_Exercise directions_. Type each record below again, with the same words.

[Data items]
- - - -
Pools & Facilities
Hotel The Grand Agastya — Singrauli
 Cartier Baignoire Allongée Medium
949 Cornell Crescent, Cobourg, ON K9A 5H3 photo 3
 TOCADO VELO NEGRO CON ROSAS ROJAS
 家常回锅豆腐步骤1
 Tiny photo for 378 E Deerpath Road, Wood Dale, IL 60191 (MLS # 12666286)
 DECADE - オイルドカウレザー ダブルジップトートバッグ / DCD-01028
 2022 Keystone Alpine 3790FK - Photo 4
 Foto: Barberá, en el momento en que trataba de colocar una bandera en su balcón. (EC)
- - - -
_Output below_.
Pools & Facilities
Hotel The Grand Agastya — Singrauli
 Cartier Baignoire Allongée Medium
949 Cornell Crescent, Cobourg, ON K9A 5H3 photo 3
 TOCADO VELO NEGRO CON ROSAS ROJAS
 家常回锅豆腐步骤1
 Tiny photo for 378 E Deerpath Road, Wood Dale, IL 60191 (MLS # 12666286)
 DECADE - オイルドカウレザー ダブルジップトートバッグ / DCD-01028
 2022 Keystone Alpine 3790FK - Photo 4
 Foto: Barberá, en el momento en que trataba de colocar una bandera en su balcón. (EC)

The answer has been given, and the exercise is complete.